## Exercise materials:

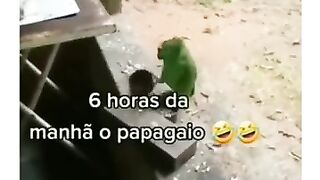 Funny and Cute Parrots Videos Compilation cute moments of the animals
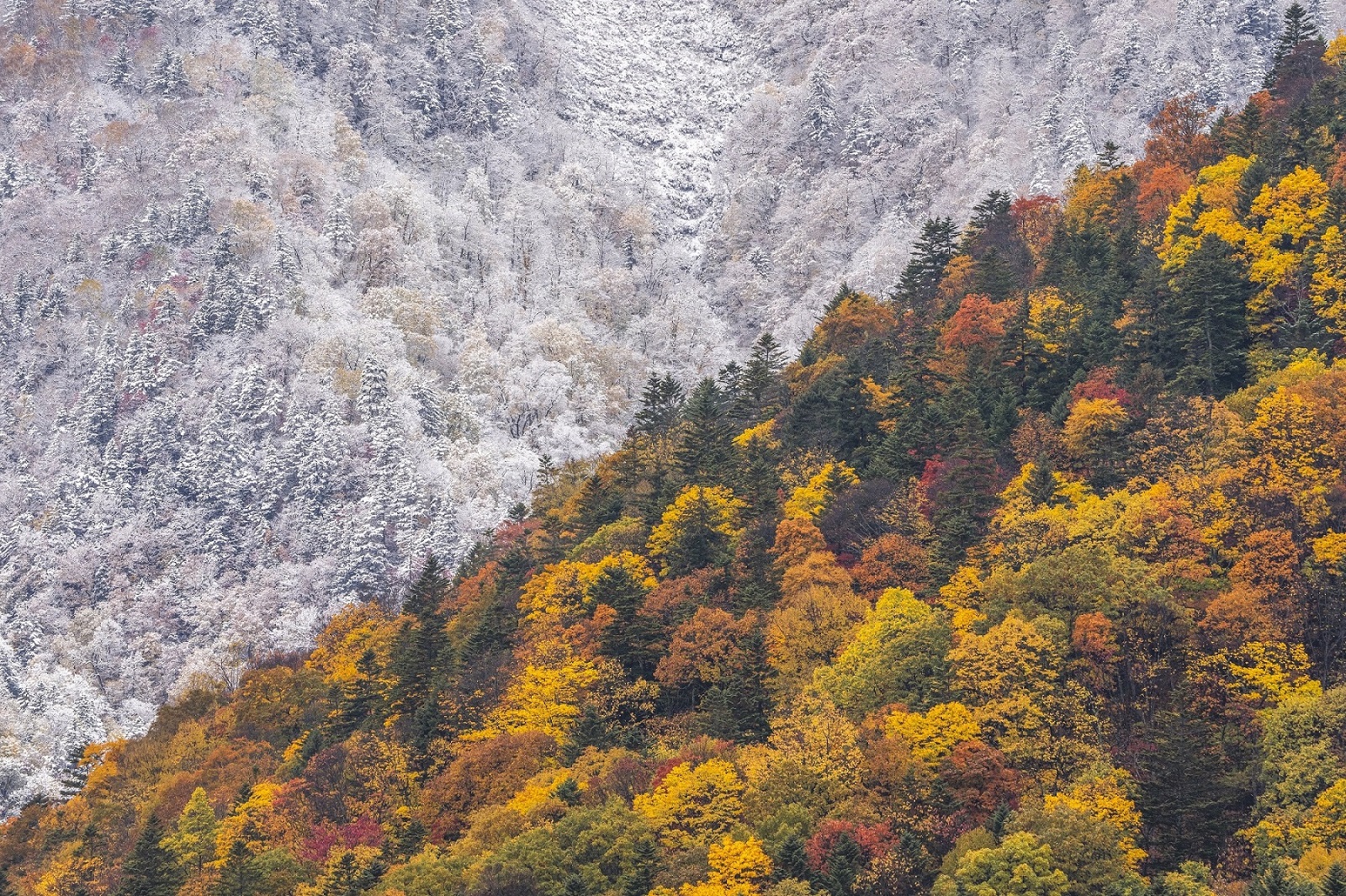 秋と冬の境界を写した安彦 嘉浩さんの写真6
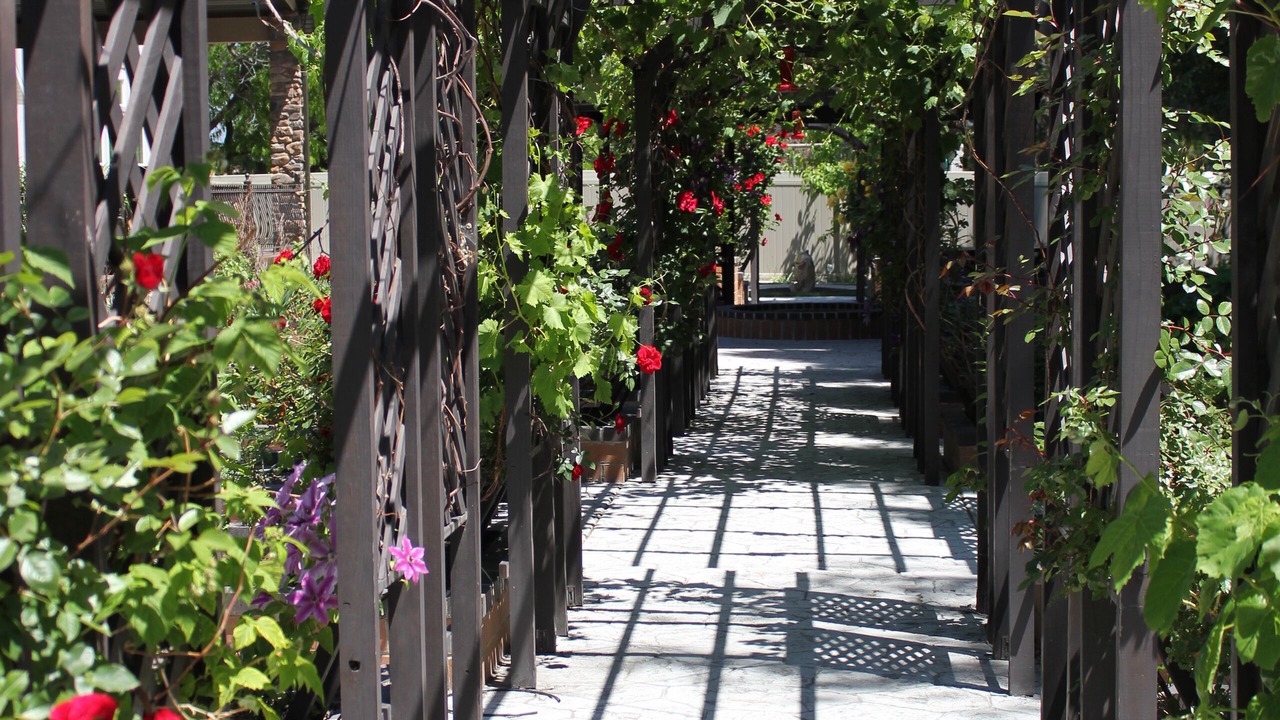 Photo of Outdoor in West Jordan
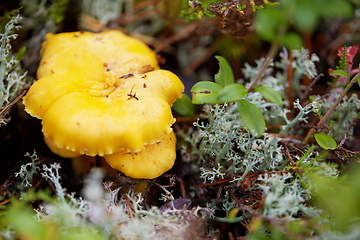 Image showing chanterelle mushroom growing in autumn forest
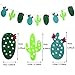 Simla Decor Cactus Party Decorations Set - Cactus Foil Balloons Baby Shower Cactus Felt Bunting Banners Garland Succulent Cactus Cupcake Toppers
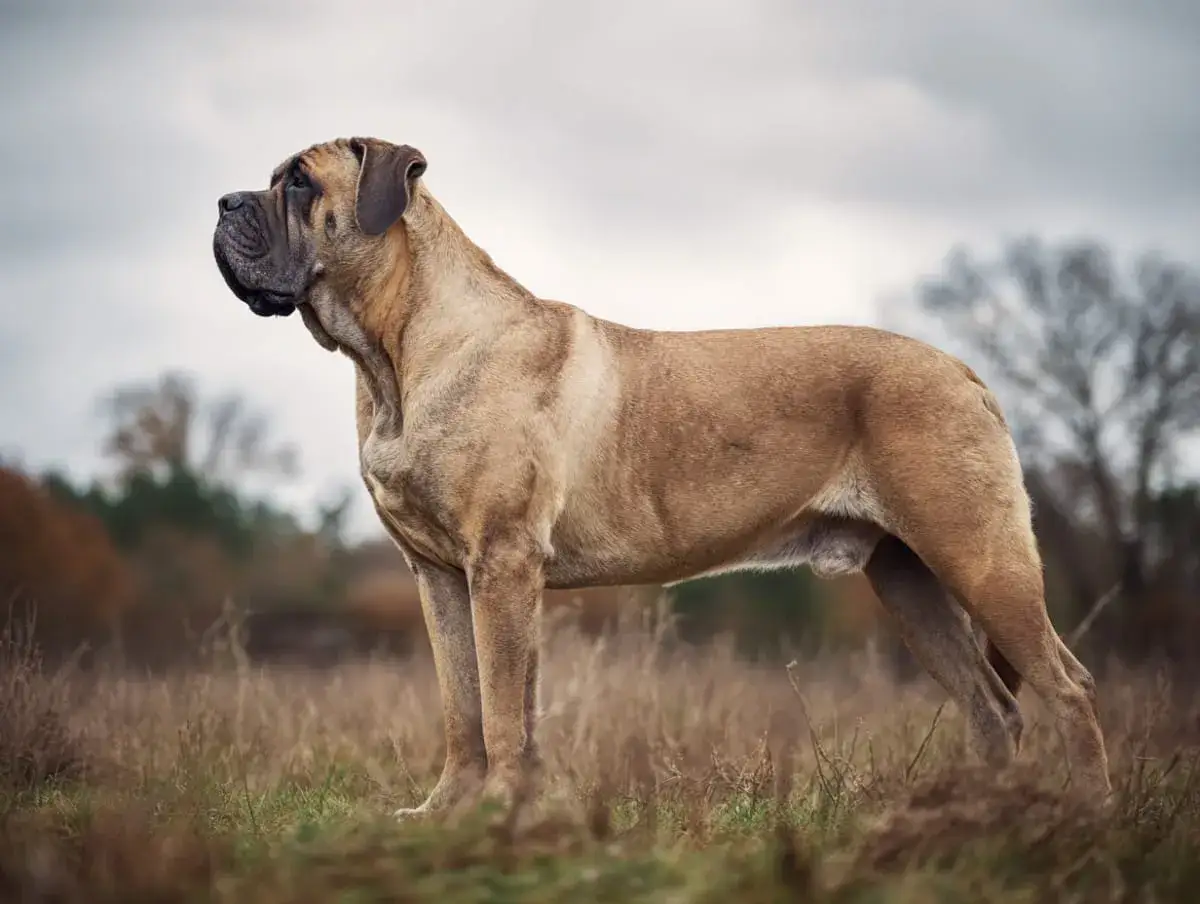 Stor, muskul&ouml;s hund av mastiff liknande raser st&aring;r i ett f&auml;lt med h&ouml;gt gr&auml;s.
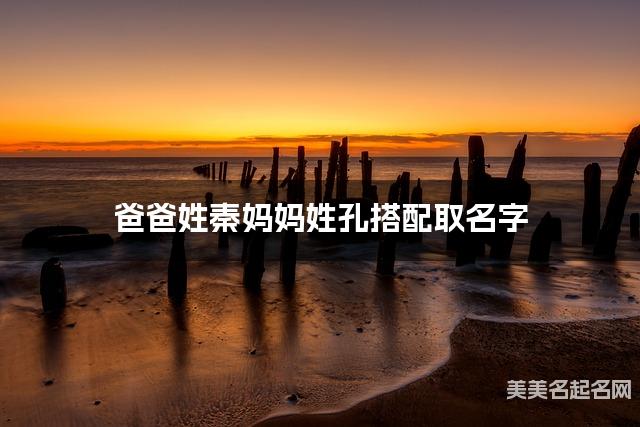 爸爸姓秦妈妈姓孔取名字 男生100分的名字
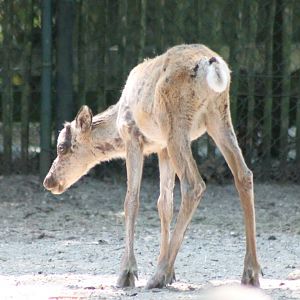 Forest reindeer-calf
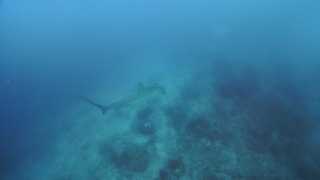 VID_20260221_162413_273 - frame at 0m2s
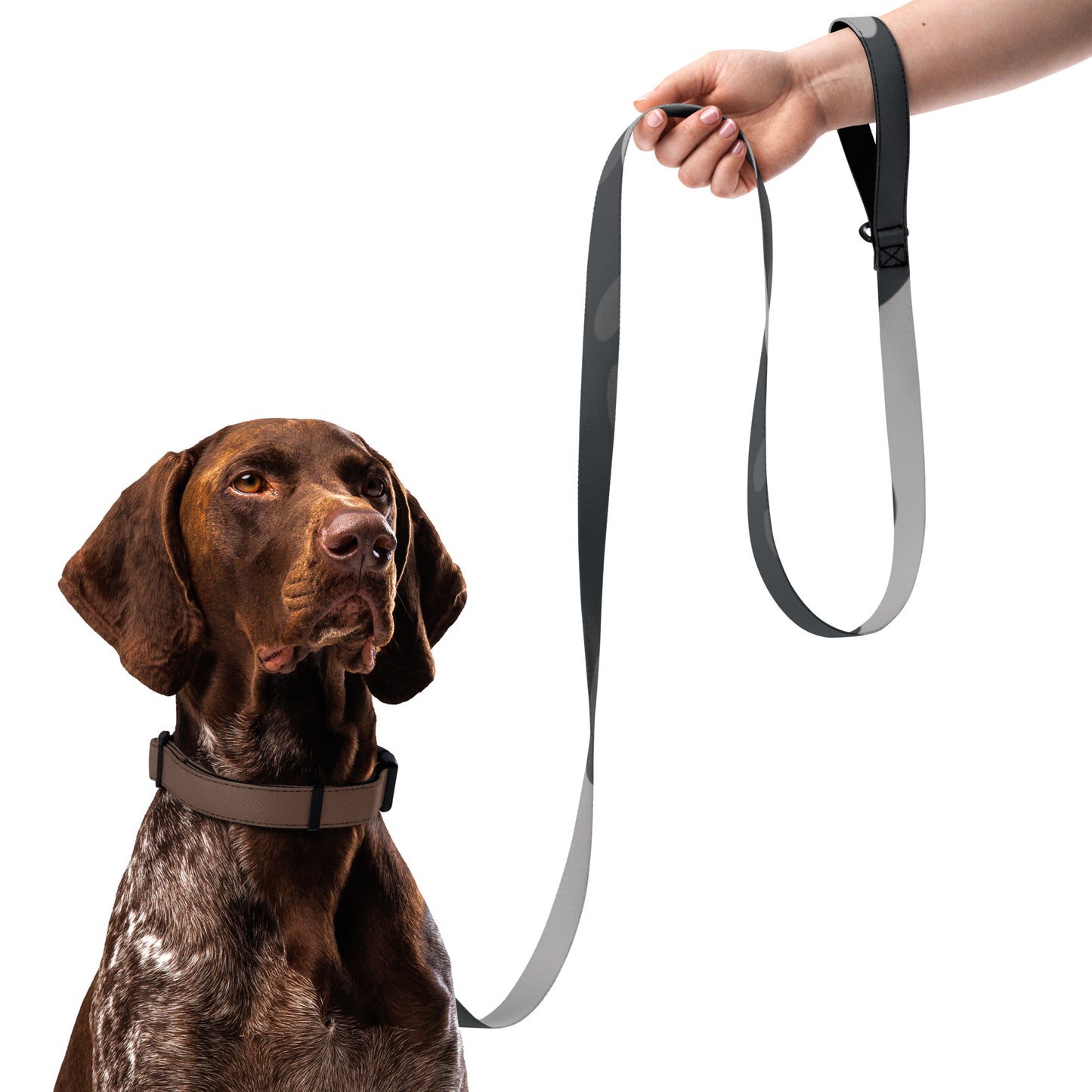 AJAK Exclusive Pet leash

## Problem details:
What you output must match the data exactly, apart from the pictures, which are left out.

## Response below:
 Funny and Cute Parrots Videos Compilation cute moments of the animals
 秋と冬の境界を写した安彦 嘉浩さんの写真6
 Photo of Outdoor in West Jordan
 Image showing chanterelle mushroom growing in autumn forest
 Simla Decor Cactus Party Decorations Set - Cactus Foil Balloons Baby Shower Cactus Felt Bunting Banners Garland Succulent Cactus Cupcake Toppers
 Stor, muskul&ouml;s hund av mastiff liknande raser st&aring;r i ett f&auml;lt med h&ouml;gt gr&auml;s.
 爸爸姓秦妈妈姓孔取名字 男生100分的名字
 Forest reindeer-calf
 VID_20260221_162413_273 - frame at 0m2s
 AJAK Exclusive Pet leash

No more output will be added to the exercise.